Alatar antwortete ihm ohne ihn anzusehen oder seine Schritte zu verlangsamen. “Dies, mein junger Freund, ist ein oder wahrscheinlicher mehrere Balrogs.“
“Balrogs?“, fragte Cugulim verwundert, auch wenn er sich sicher war, dieses Wort bereits vor langer Zeit einmal gehört zu haben.
“Balrogs sind Wesen aus der Welt jenseits des Meeres, die sich damals, in den Ältesten Tagen, Morgoth anschlossen und ihm dienten“, erklärte Alatar. “Die meisten von ihnen wurden beim Fall des Dunklen Herrschers ebenfalls ausgelöscht, doch einige sollen in dieser Welt überlebt haben.“
“Was hat es zu bedeuten, dass diese Balrogs in die Schlacht eingreifen?“, fragte Cugulim. Inzwischen hatten sie das Tor des Thronsaals erreicht. Langsam drehte sich Alatar zu ihm um und sah ihm in die Augen.
“Es bedeutet, dass und weitaus weniger Zeit bleibt als wir dachten.“
Dann drehte sich der Zauberer um und betrat den Thronsaal.

“Plinnie!“
Thranduils Schrei schallte über die äußeren Mauerwerke des Pelennor und zweihundert Bogensehnen antworteten auf seinen Ruf. Die Lage an der Front war mehr als angespannt, vor allem seit der Entdeckung der drei riesigen Balrogs, die am Rande des Gebirges, gefolgt von einem weiteren riesigen Heer auf die Mauern des Pelennor zuhielten. Zwar war jedem Elb, der noch bei klarem Verstand war, durchaus bewusst, dass es noch Stunden dauern würde, bis diese uralten Dämonen auch nur in die Nähe der äußeren Verteidigungsanlagen kommen würden, doch der bloße Anblick dieser Kreaturen, die älter waren als fast jeder der hier versammelten Elben, hatte bei vielen der elbischen Krieger den Mut sinken lassen.

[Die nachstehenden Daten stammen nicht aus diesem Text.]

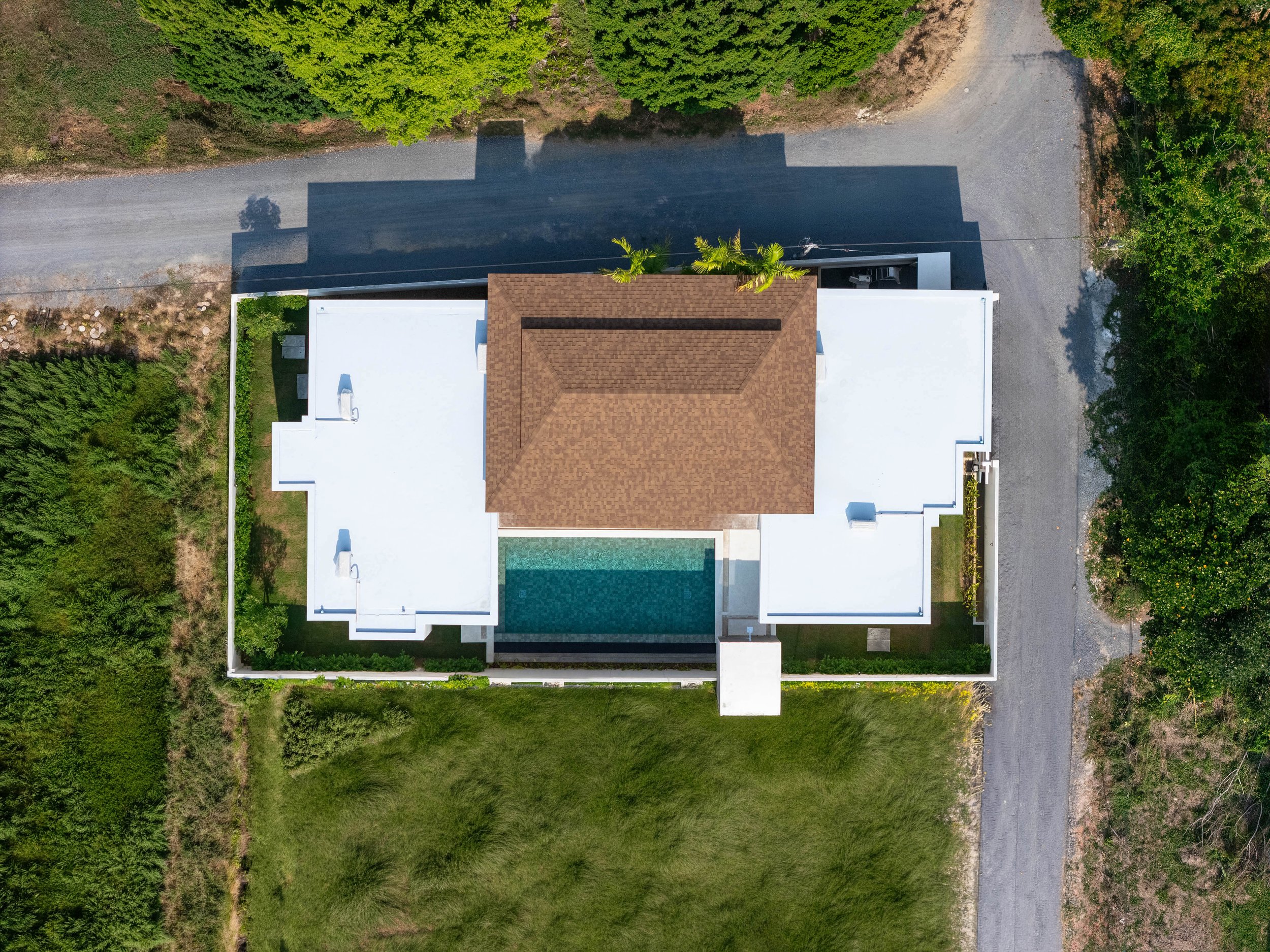 Luftaufnahme eines modernen Hauses mit grünem Garten, Pool und umliegender Natur.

Zwar hielten sie sich nun seit vielen Stunden tapfer gegen den Feind, doch schon bald würden die Orks die Mauer, die sie an vielen Stellen bereits erstürmt hatten, endgültig einnehmen. Thranduil wich einem der unzähligen Armbrustbolzen aus, die zwar sehr häufig, dafür aber äußerst ungenau hier oben eintrafen. Er wusste, bald war seine Zeit gekommen. Als er eben einen neuen Pfeilhagel auf die Orks herabrief, trat Aradreth, die Starthalterin von Bruchtal, neben ihn und fuhr sich mit einer Hand durch ihre tiefschwarzen Haare. Wie die meisten elbischen Kommandanten trug sie keinen Helm, dafür eine aufwendig verzierte Rüstung. Noch bevor sie ihren Mund öffnete, ahnte Thranduil bereits, was sie ihm sagen wollte.
“Es ist an der Zeit für euch, die vordersten Reihen des Kampfes zu verlassen, Herr“, meinte sie und sah ihn an. Ihre bernsteinfarbenen Augen blickten kühl und standhaft in die seinen, doch dahinter lag eine versteckte Traurigkeit, die der Elbenfürst nicht ganz deuten konnte.

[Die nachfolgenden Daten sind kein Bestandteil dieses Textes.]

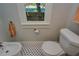 Bathroom with a white toilet, bidet, and black and white tile floor at 2418 2Nd S Ave, St Petersburg, FL 33712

“Ich weiß, Aradreth, ich weiß“, sagte Thranduil und seufzte leicht.
“Euer Pferd steht bereit und ich bin mir sicher, auch Herr Celeborn ist bereits auf dem Weg“, fuhr sie fort.
“Ich danke dir, Aradreth, für alles, was du für mich getan hast“, sagte Thranduil lächelnd, während in Aradreths Augen kleine Tränen glänzten.

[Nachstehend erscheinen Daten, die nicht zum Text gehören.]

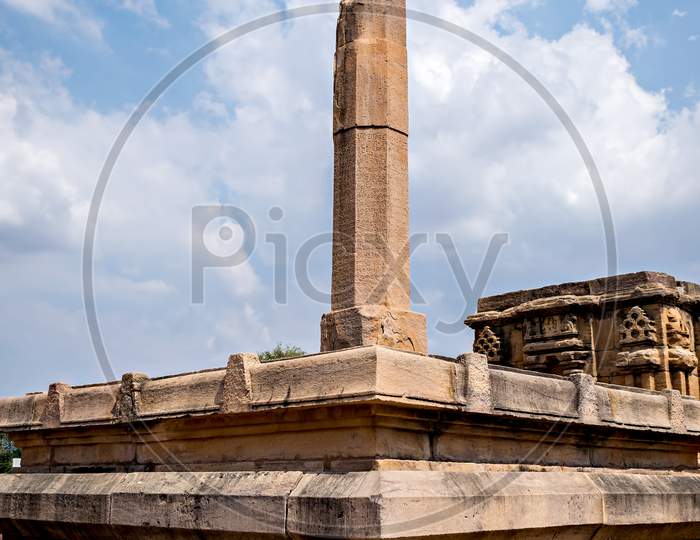Stone Pillar In Front Of Sanganeshwara Temple In Pattadakal Complex, Karnatataka, India.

“Berio le i -“, sprach sie den Gruß, bis ihre Stimme versagte und ihr Körper zusammensackte. Schnell streckte sie ihre Arme nach Thranduil aus und er fing sie auf. Geschockt sah er auf den Bolzen, der tief zwischen ihren Rippen steckte. Nach einem Blick war Thranduil klar, dass er hier nichts mehr tun konnte. Der Bolzen hatte ihr Herz durchbohrt.
“Geht... mein König...“, sagte Aradreth stockend, dann brach ihr Atem ab.
“I galad en elenath nadh râd gîn“, sprach Thranduil, dann drückte er ihr einen Kuss auf die Stirn und schloss ihre Augen, wobei er eine heiße Träne bemerkte, die von seinen Augen in Aradreths Haar tropfte. “Leb wohl.“
Auch wenn er gerne die aufkommende Wut und Trauer abgeschüttelt hätte, wusste er, dass sein Abschied nun längst überfällig war. Ein Blick über die beschäftigte Brüstung des Turmes verriet ihm, dass einige Orks bereits die Ebene zwischen der Mauer und den zwölf Türmen überquerten. Der erste Mauerring war gefallen. Thranduil warf einen letzten Blick auf den erschlafften Körper seiner langjährigen Gefährtin und wieder hielt er seine Gefühle auf Abstand. Er hatte nun keine Zeit zu trauern. Schnell zog er sein Schwert aus der Scheide, dann rannte er die Stufen des Turmes hinab.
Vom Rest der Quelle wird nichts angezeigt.